The tape made indifference impossible. That is: It made indifference impossible in this case. The problem with Goodell’s insistence that “the video changed everything” is that domestic violence is widespread, and most of the time, there’s no camera. The Rice scandal has been credited with starting a national conversation about violence against women. But it’s been a limited conversation, even within football. Think about Joe Mixon, the Oklahoma running back who, in an altercation in a restaurant last summer, punched a fellow student, Amelia Molitor, so hard that he allegedly broke bones in her face. A video of this incident exists. It was shown to the media by police.5 It has been described, by people who have seen it.

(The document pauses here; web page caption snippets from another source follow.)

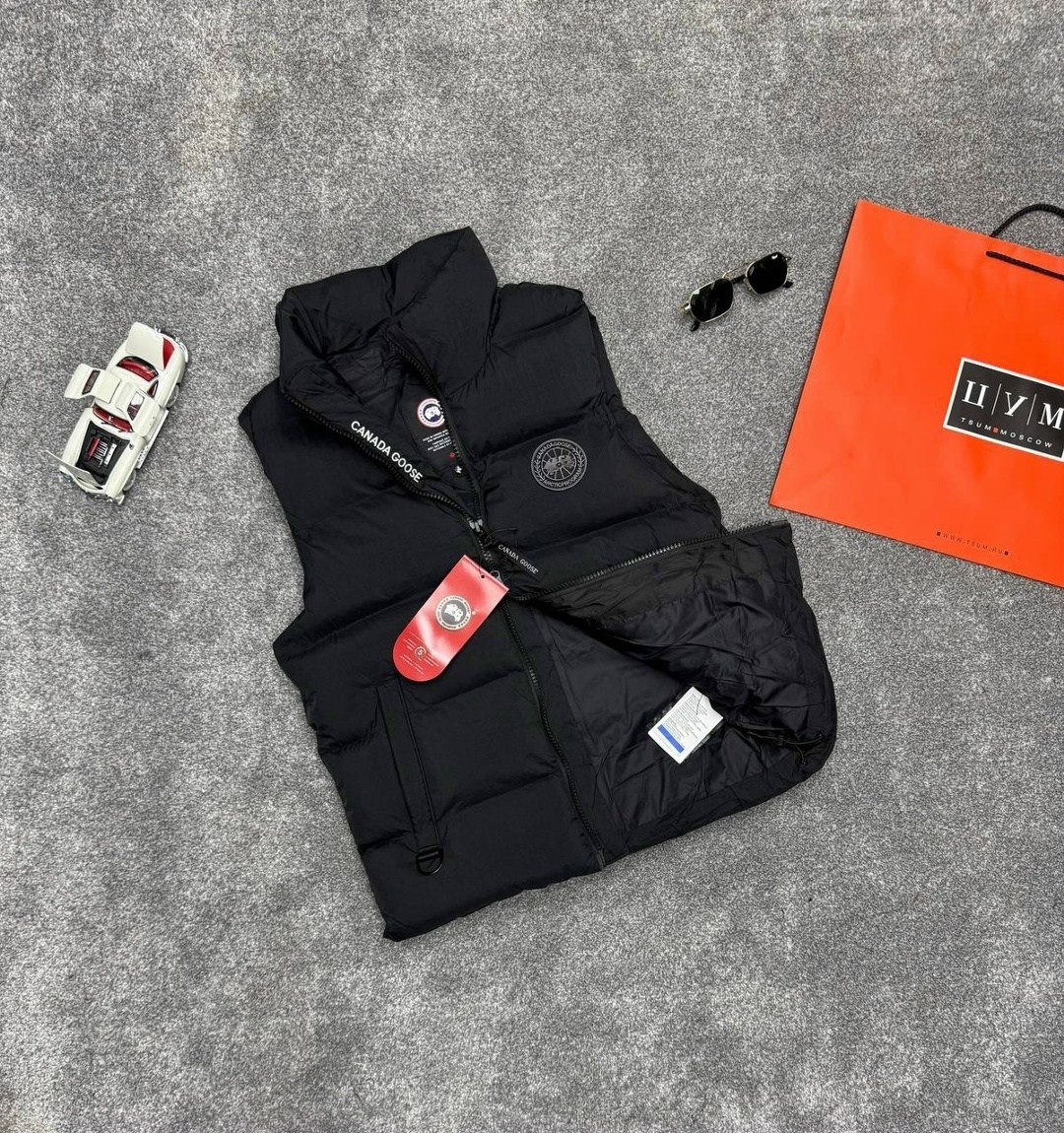 жилетка moncler,жилетки,жилет мужской,жилеты,жилетка canada goose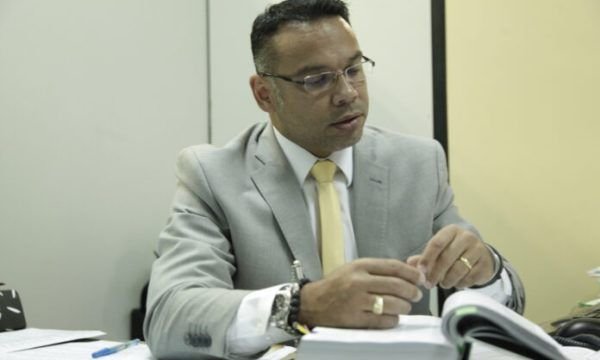 Juiz suspeito de favorecer presos ‘em plantão’ julgou processos de Alejandro e Sotero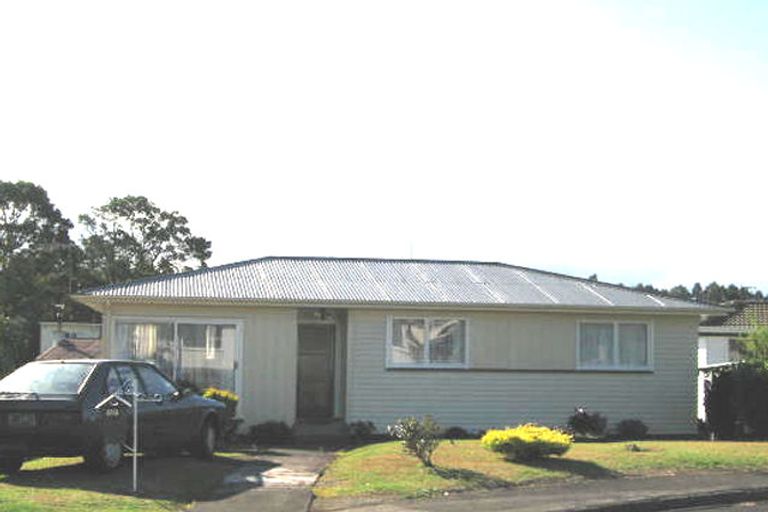 Photo of property in 3 Dolan Place, New Lynn, Auckland, 0600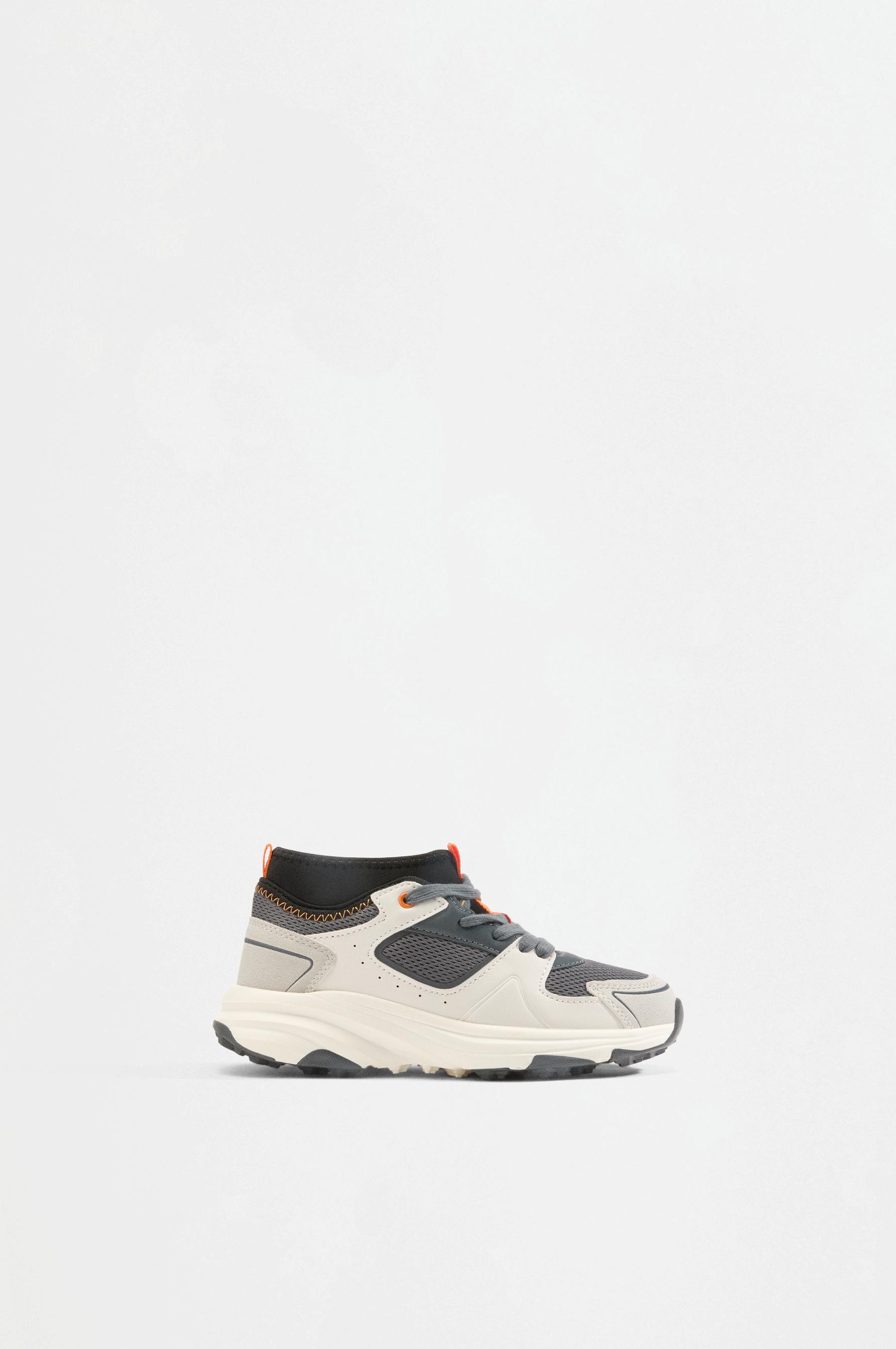 Basketball sneaker — OTHERS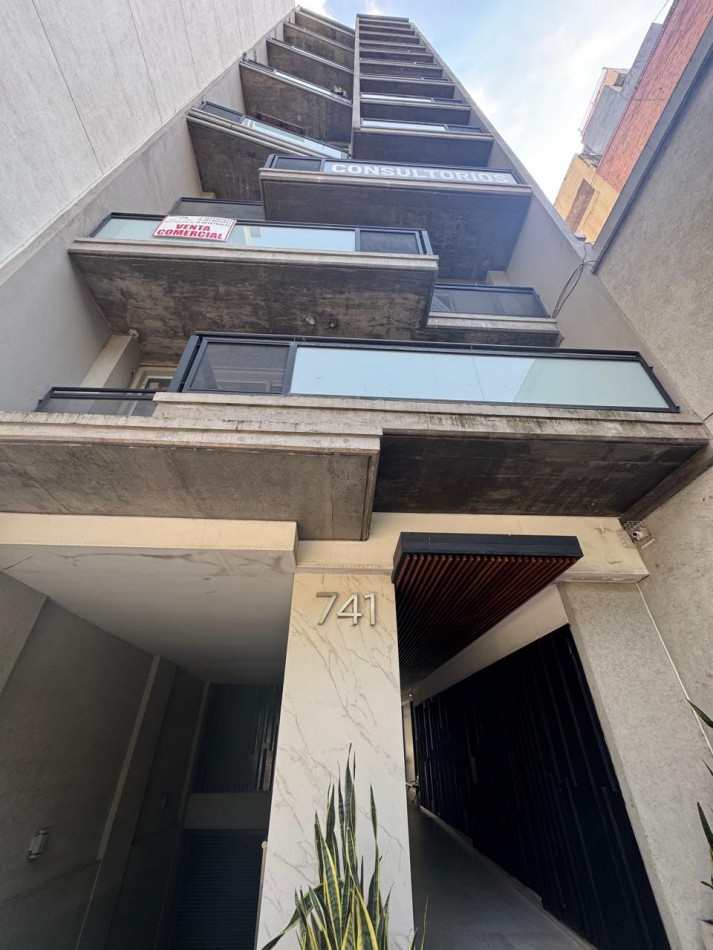 MONOAMBIENTE AMPLIO EN VENTA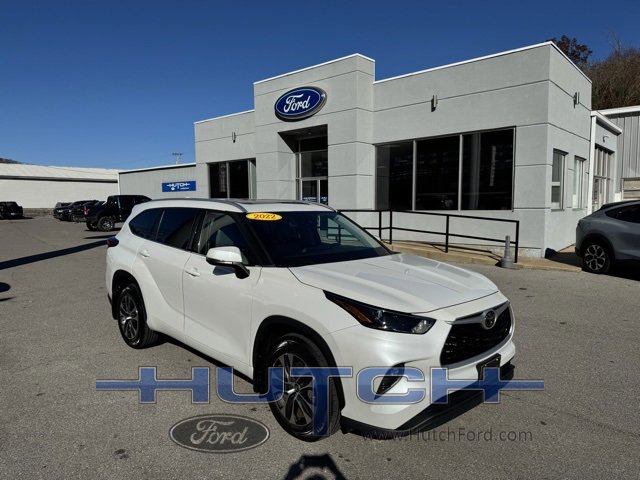 Used 2022 Toyota Highlander XLE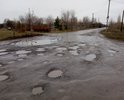 Ямы глубокие, объехать невозможно, хуже дороги я не встречал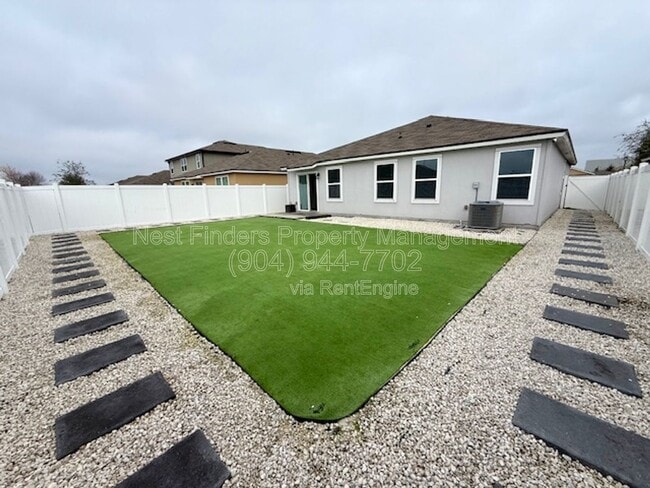 Building Photo - 3640 Alta Lakes Blvd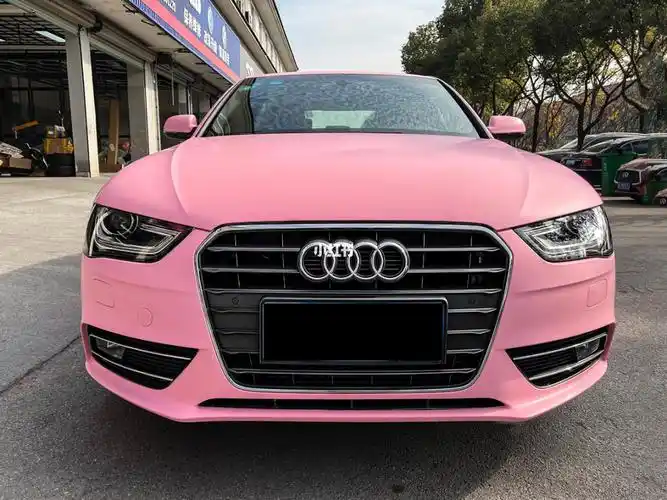 奥迪a4l(消光浅粉)三基色改色膜案例欣赏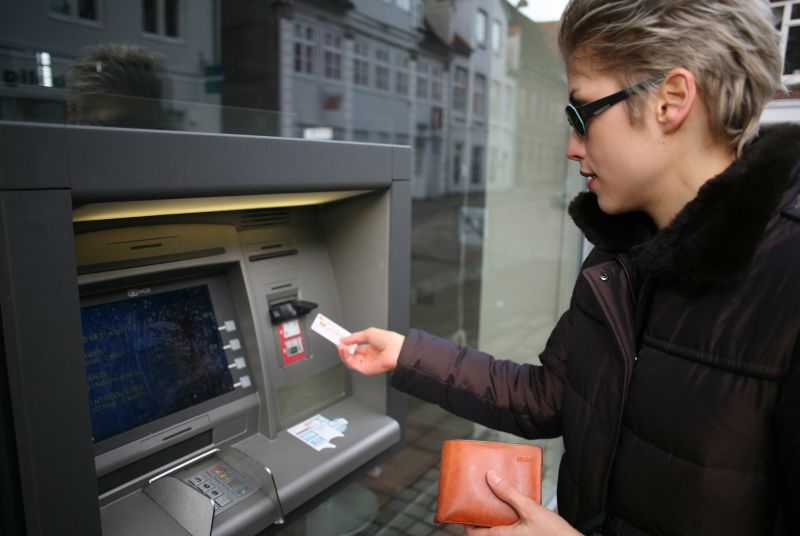 Ce carduri de debit nu au taxe la retragerile de numerar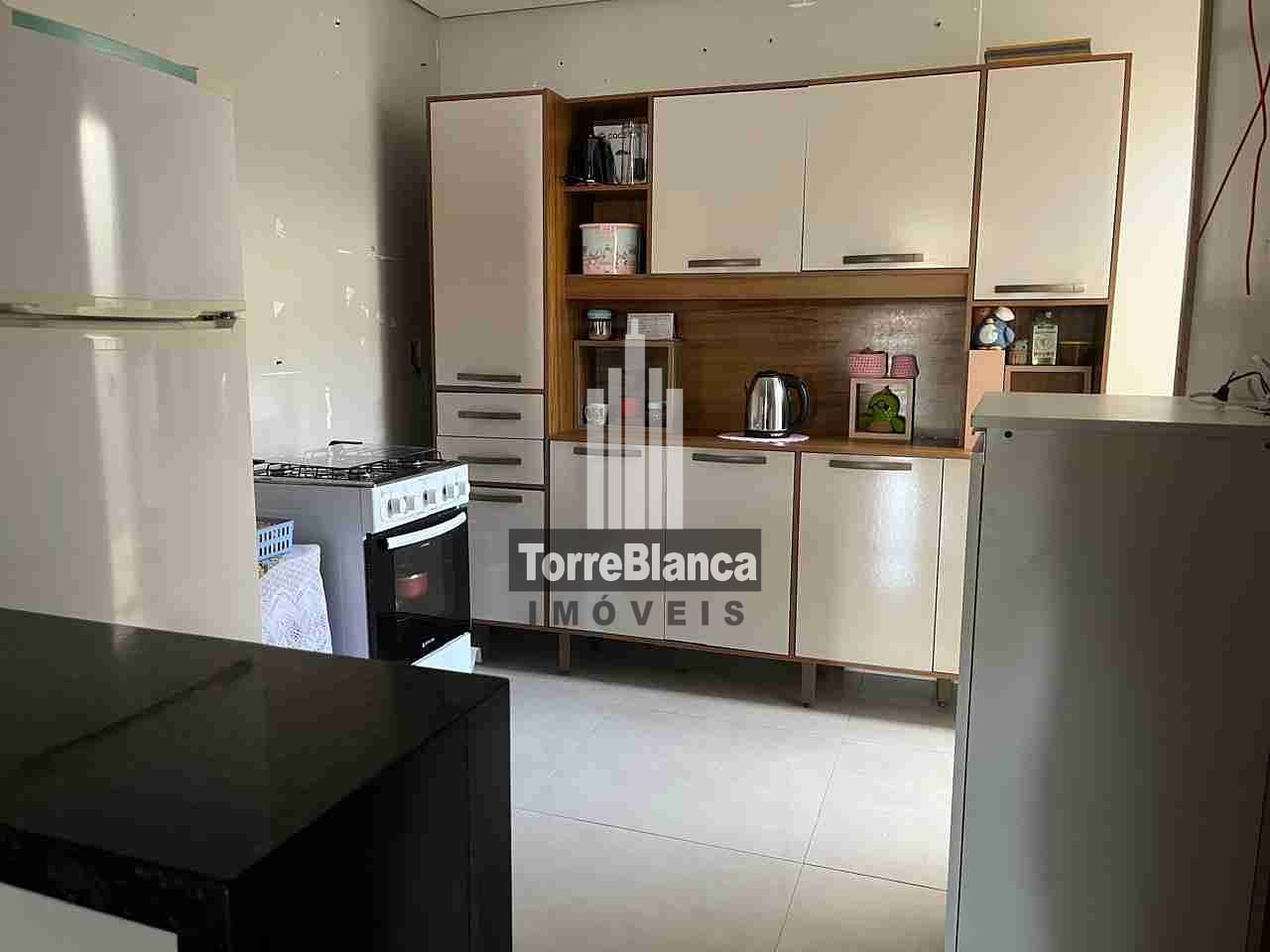 Casa à venda com 2 quartos, 80m² - Foto 14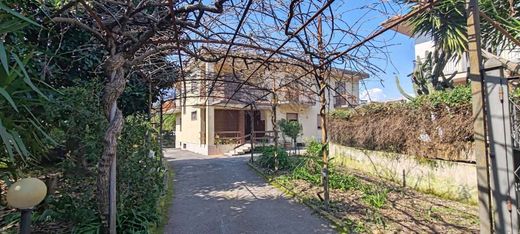 Villa in Cava de' Tirreni, Provincia di Salerno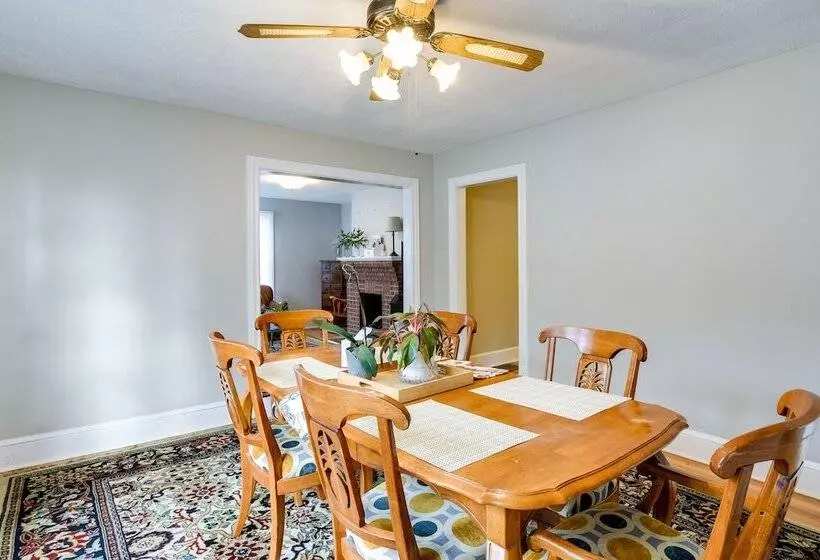 Pet Friendly Travelers Rest Home W/ Covered Patio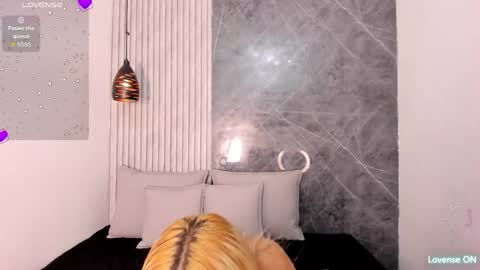 Snapshot of ashley_miller26 chatting on 05-21-26, 10:44 ashley_miller26 online show from 05-21-26, 10:44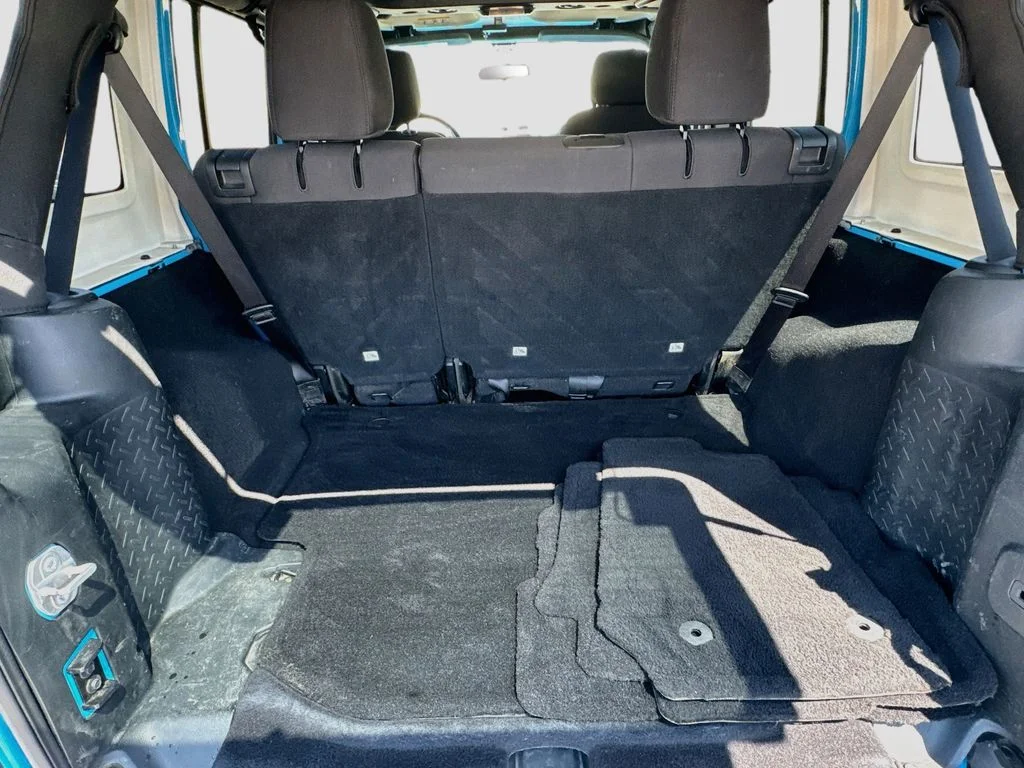 Used 2018 Blue Jeep Unlimited Sport image 27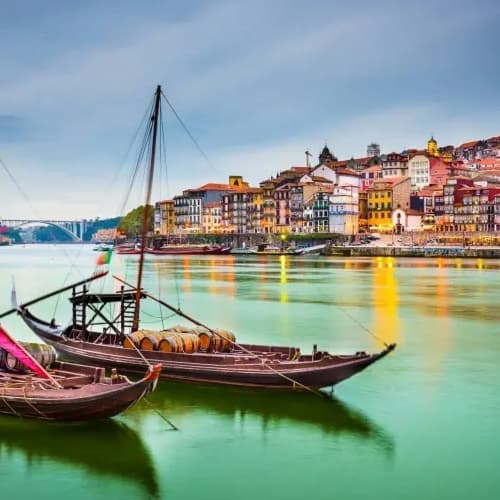 Zpáteční letenky Praha - Porto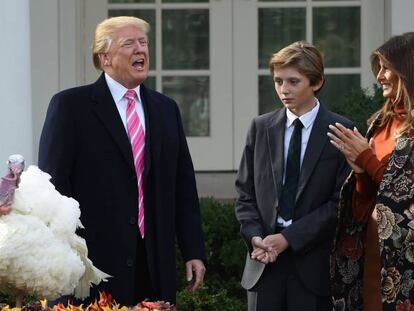 Donald, Barron y Melania Trump, este martes en los jardines de la Casa Blanca en el indulto del pavo 'Drumstic'.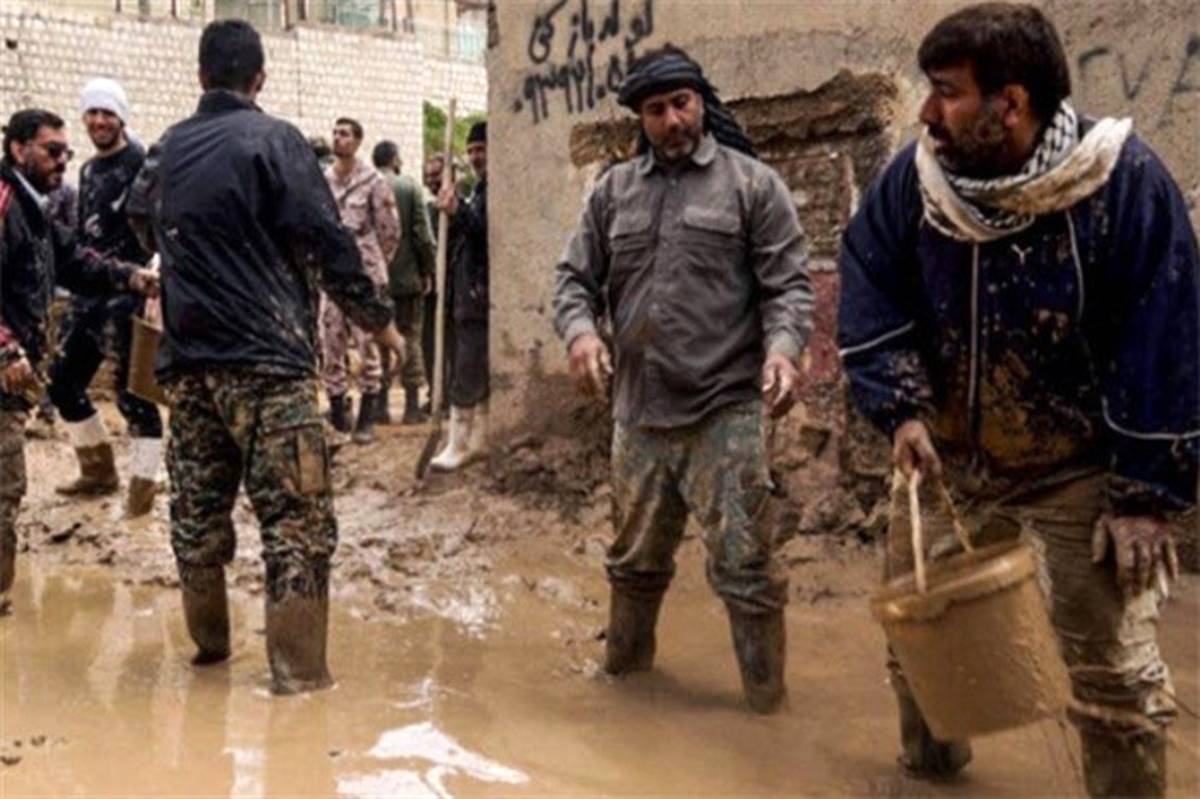 سپاه بوشهر به ۱۰۰ هزار نفر از مردم سیل‌زده «باوی» استان خوزستان خدمات ارائه می‌دهد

But the city of Norman, Oklahoma, refuses to release it to the public. And because we haven’t seen the tape, we haven’t seemed to care that much about the incident. There will be some indignation if Mixon plays for the Sooners next year. How much more would there be if the world had watched the 6-foot-2, 210-pound Mixon knock a female college student unconscious?
For the Rice tape to help you understand the extent of the domestic-violence problem in the United States, you have to imagine that TMZ kept posting videos — that it posted one two seconds later, in fact, and another one three seconds after that. It started throwing up 24 videos a minute, faster than you could play them, too fast for you to keep up. In three of these videos during the first day, you could watch a woman being murdered by her partner. Then three more on the second day. And so on. You kept playing them; TMZ kept churning out GIFs. You watched a million videos a month. Twelve million in the first year. And the videos kept coming.
Really, of course, you watched one video: Rice’s. But these other cases exist. All of them, in overwhelming numbers. And yet when people get angry about Ray Rice, the other cases tend to slip through the cracks, replaced by outrages specific to football. Roger Goodell should lose his job. But if you’re angry enough to want Goodell fired, shouldn’t you be angry enough to think about the other victims of violence? To talk about them? The absence of footage, just as in Mixon’s assault of Amelia Molitor, doesn’t make them any less real. What we saw on the Rice tape was horrifying. But the moral failure wasn’t only Rice’s. It wasn’t only Goodell’s. It’s ours, too, if we can’t bring ourselves to sympathize except when we can see.